Les études montrent aussi que le peintre commençait par planter son décor, en laissant vides les contours des figures. Paysages et grandes surfaces pouvaient être brossés par touches assez vigoureuses. Ensuite, il peignait chairs et drapés tout en finesse. L’exposition présente ainsi une copie de la Tentation de saint Antoine, qui laisse un grand espace vierge pour le manteau. Tout porte à croire que ce dessin aquarellé, qu’on avait longtemps cru plus tardif, serait en fait une copie exécutée en cours de réalisation de l’œuvre. L’artiste y ajoutait son génie de coloriste. Les graphiques montrent une extension de sa palette largement supérieure à celle de Cranach, Schongauer ou des peintres de l’école du Danube.
Surréalistes. Mais la distinction majeure est l’usage fréquent des glacis, qui confère à ses œuvres cette résonance particulière qui a fasciné jusqu’aux surréalistes. Développée un demi-siècle plus tôt par Van Eyck, cette technique consiste à superposer plusieurs couches d’une laque semi-transparente, obtenue par décoction. A force d’ajouts, le peintre atteint des saturations beaucoup plus poussées que celles auxquelles peut prétendre la peinture à l’huile. Après une dizaine de couches, les tons s’assombrissent. Ces effets de saturation et d’éclat sont éventuellement ajustés par des adjonctions de blanc de plomb. Pour Michel Menu, toute «l’invention de la couleur» si spécifique du peintre tient à cette «superposition savante». Il peut ainsi poser des premières couches de cendres bleues, une azurite artificielle, pour terminer, en surface, par une azurite bien plus chère. Comme cette dernière est composée de gros grains, la pâte est beaucoup plus longue à sécher, ce qui explique que le manteau de saint Antoine ait été gardé pour la fin.
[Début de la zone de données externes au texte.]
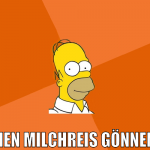 nen milchreis gönnen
Le peintre fait aussi vibrer ses étoffes de sous-couches de rouge, recouvertes de bleu ou de vert. Comme l’explique une restauratrice, Carole Juillet, pour le manteau de saint Antoine, sur un rouge soutenu, il superpose des couches d’azurite, mêlé à du blanc et des touches de laque rouge. Et il obtient cet «extraordinaire éclat» d’un bleu lavande jamais vu dans l’histoire de la peinture.
(1) Voir aussi «Grünewald und seine Zeit», exposition autour de ses crucifixions à la Kunsthalle de Karlsruhe, jusqu’au 2 mars.
(2) «La technique picturale de Grünewald et de ses contemporains», numéro spécial de la revue Technè du C2MRF.